Regresé a mi casa. Al saber que yo estaba libre, mi hermano había desaparecido. Mi mujer había tenido un niño suyo. Retomé mi vida. Con muy pocos recursos y la ayuda de las hermanas, me puse a cultivar la tierra. Todos los del pueblo estaban sorprendidos de semejante cambio. Yo les hablaba mucho de perdón. Un día me fuí al convento de las hermanas y les expresé mi deseo y el de mi familia de ser bautizados. Eso ocurrió sin ningún problema y toda mi familia se hizo cristiana. Comencé a vivir mi vida de cristiano sabiendo muy bien que ya lo hacía desde hace mucho tiempo en mi corazón. Me volví muy ferviente y sentí una paz interior profunda.

Un día que estaba de visita en otra casa, alguien llegó gritando que mi esposa había sido apuñalada. Corrí a mi casa y descubrí a mi mujer bañada en su sangre. La cuchillada de mi hermano había sido fatal. La llevamos al hospital pero, en el camino, murió en mis brazos.
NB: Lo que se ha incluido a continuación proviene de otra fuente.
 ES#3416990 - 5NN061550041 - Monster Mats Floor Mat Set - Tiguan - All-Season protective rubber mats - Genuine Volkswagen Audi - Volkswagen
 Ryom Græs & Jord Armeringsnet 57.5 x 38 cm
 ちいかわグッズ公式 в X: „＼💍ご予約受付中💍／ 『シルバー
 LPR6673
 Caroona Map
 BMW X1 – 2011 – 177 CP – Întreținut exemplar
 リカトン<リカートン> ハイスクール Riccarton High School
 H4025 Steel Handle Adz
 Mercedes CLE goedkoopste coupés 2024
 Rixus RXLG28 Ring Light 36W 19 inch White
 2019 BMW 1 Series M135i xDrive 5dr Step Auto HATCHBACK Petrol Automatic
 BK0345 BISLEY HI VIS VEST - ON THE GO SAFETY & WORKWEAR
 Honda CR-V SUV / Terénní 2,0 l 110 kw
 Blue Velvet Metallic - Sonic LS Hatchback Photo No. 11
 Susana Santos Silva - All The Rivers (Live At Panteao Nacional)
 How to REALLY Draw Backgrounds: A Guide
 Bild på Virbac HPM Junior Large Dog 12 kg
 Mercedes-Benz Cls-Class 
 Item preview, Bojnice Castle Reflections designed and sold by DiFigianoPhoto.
Es aquí donde el Nuevo Testamento me tocó profundamente. Me enseñó la paciencia y me permitió perdonar. Comprendí hasta qué punto Cristo había perdonado en su vida. Siguiendo a Él aprendí a perdonar a aquellos que me habían herido profundamente. Perdoné a mi hermano por ese gran crimen. Me negué ir a testificar contra él al tribunal. ¡Que Dios se ocupe de todo eso! Mi hermano sigue en prisión hasta el día de hoy. Yo no tengo ningún resentimiento contra él.

Ahora tengo más de 50 años. Mis dos hijas estudian donde las hermanas. Trato de ganar un poco de dinero para poder dejarles algo. Aparte de eso trato de practicar lo que Jesús nos enseña: «Amad a vuestros enemigos. Rogad por los que os persiguen… Si alguien te golpea en la mejilla derecha, déjale golpear la mejilla izquierda también». Y, a pesar de mis problemas, –porque no estoy bien en este momento–, estoy en paz.

(Tomado de la Revista Spiritus (Quito). Año 38/2.Nº 147. Junio 1997).